ATI RN
Cardiovascular System Practice Exam
1. Which of the following is a chronic lung disease that results in the gradual destruction of the alveoli, causing difficulty breathing and reduced oxygen exchange?
- A. Emphysema
- B. Bronchitis
- C. Pulmonary hypertension
- D. Sarcoidosis
Correct answer: A
Rationale: Emphysema is the correct answer as it is a chronic lung disease characterized by the gradual destruction of the alveoli, which are essential for oxygen exchange. This destruction leads to difficulty breathing and reduced oxygen levels in the blood. Bronchitis is an inflammation of the bronchial tubes, not specifically involving alveoli destruction. Pulmonary hypertension is a condition of high blood pressure in the arteries of the lungs, not directly related to alveoli destruction. Sarcoidosis is a disease characterized by the growth of tiny collections of inflammatory cells in different parts of the body, including the lungs, but it does not primarily involve the destruction of alveoli.
2. Which condition occurs when the heart muscle is damaged due to a lack of oxygen, often resulting from a heart attack?
- A. Myocardial infarction
- B. Angina
- C. Pericarditis
- D. Pulmonary embolism
Correct answer: A
Rationale: The correct answer is A: Myocardial infarction. Myocardial infarction, commonly known as a heart attack, is the condition where the heart muscle is damaged due to a lack of oxygen, typically caused by a blocked coronary artery. Angina (choice B) is chest pain or discomfort that occurs when the heart muscle doesn't receive enough oxygen-rich blood. Pericarditis (choice C) is the inflammation of the pericardium, the thin sac-like membrane surrounding the heart. Pulmonary embolism (choice D) is a blockage in one of the pulmonary arteries in the lungs, often caused by a blood clot.
3. The client is on spironolactone (Aldactone) and has a potassium level of 5.9 mEq/L. What is the nurse’s priority action?
- A. Hold the spironolactone and notify the healthcare provider.
- B. Administer potassium supplements.
- C. Continue the spironolactone as ordered.
- D. Increase the dose of spironolactone.
Correct answer: A
Rationale: The correct answer is A: Hold the spironolactone and notify the healthcare provider. A potassium level of 5.9 mEq/L is high, indicating hyperkalemia. Spironolactone is a potassium-sparing diuretic that can further increase potassium levels. Therefore, the priority action is to hold the medication to prevent exacerbating hyperkalemia and notify the healthcare provider for further guidance. Choice B is incorrect because administering potassium supplements would worsen hyperkalemia. Choice C is incorrect because continuing spironolactone could lead to a further increase in potassium levels. Choice D is incorrect because increasing the dose of spironolactone would exacerbate the hyperkalemia.
4. Which valve opens during ventricular systole and closes during ventricular diastole?
- A. Aortic valve
- B. Pulmonary valve
- C. Mitral valve
- D. Tricuspid valve
Correct answer: B
Rationale: The correct answer is B: Pulmonary valve. The pulmonary valve opens during ventricular systole to allow blood to flow from the right ventricle into the pulmonary artery.

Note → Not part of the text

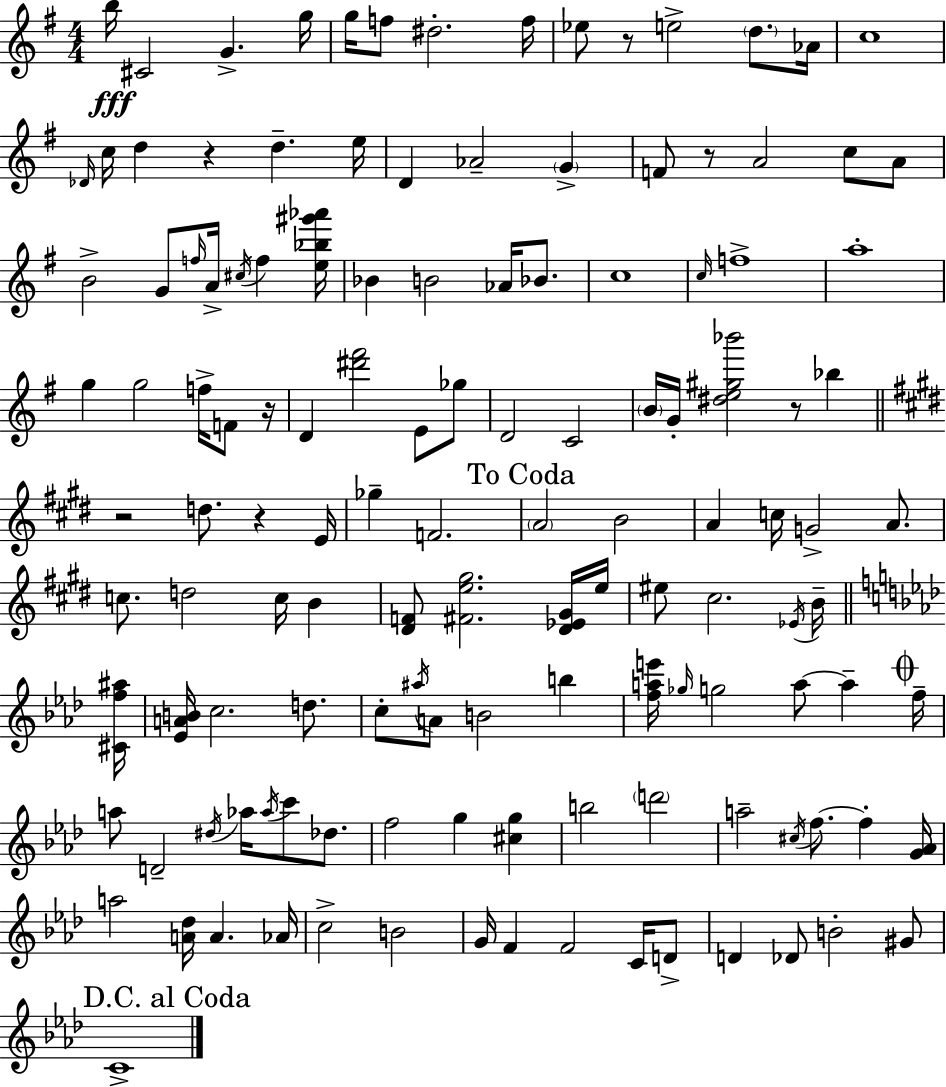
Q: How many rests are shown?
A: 7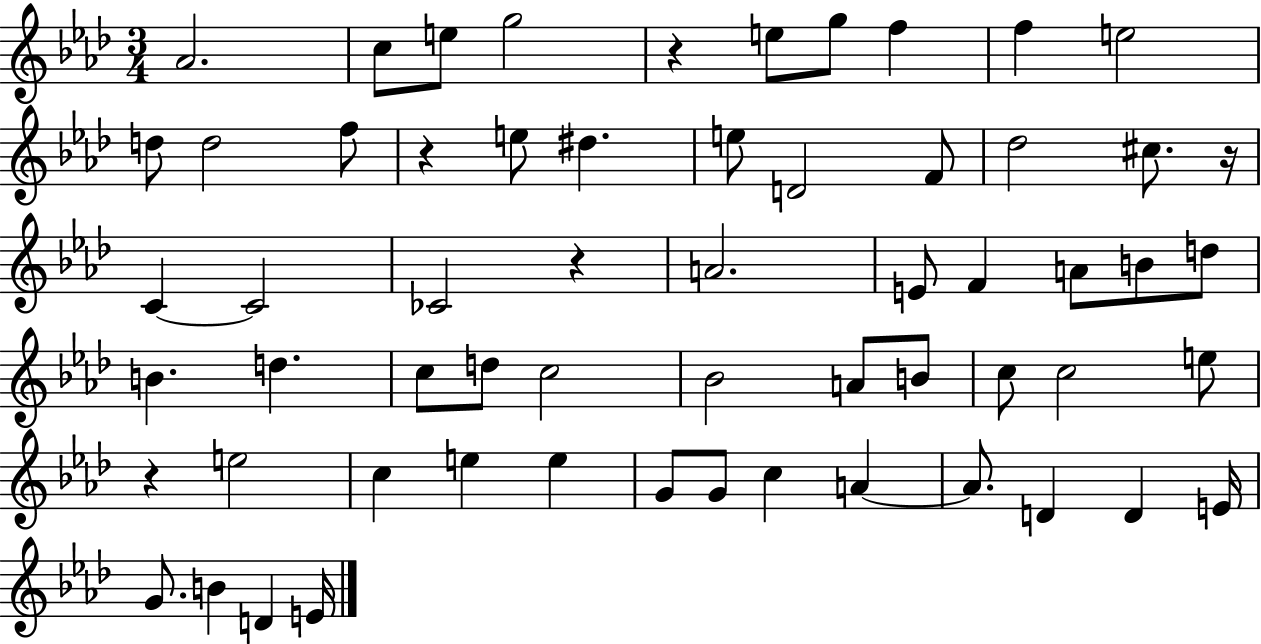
Ab4/h. C5/e E5/e G5/h R/q E5/e G5/e F5/q F5/q E5/h D5/e D5/h F5/e R/q E5/e D#5/q. E5/e D4/h F4/e Db5/h C#5/e. R/s C4/q C4/h CES4/h R/q A4/h. E4/e F4/q A4/e B4/e D5/e B4/q. D5/q. C5/e D5/e C5/h Bb4/h A4/e B4/e C5/e C5/h E5/e R/q E5/h C5/q E5/q E5/q G4/e G4/e C5/q A4/q A4/e. D4/q D4/q E4/s G4/e. B4/q D4/q E4/s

The aortic valve opens during ventricular systole to allow blood to flow from the left ventricle into the aorta. The mitral valve and tricuspid valve are atrioventricular valves that open during ventricular diastole to allow blood to flow from the atria into the ventricles.
5. The client is receiving digoxin and complains of nausea. What is the nurse’s priority action?
- A. Check the client’s digoxin level.
- B. Continue the current dose of digoxin.
- C. Administer an antiemetic for nausea.
- D. Discontinue the digoxin immediately.
Correct answer: A
Rationale: The correct answer is to check the client’s digoxin level (Choice A). Nausea can be a sign of digoxin toxicity, so assessing the digoxin level is crucial to determine if the medication dosage needs adjustment. Continuing the current dose of digoxin (Choice B) may worsen the symptoms if toxicity is present. Administering an antiemetic (Choice C) may provide temporary relief but does not address the underlying issue of digoxin toxicity. Discontinuing digoxin immediately (Choice D) without assessing the digoxin level can be harmful if the medication is within the therapeutic range.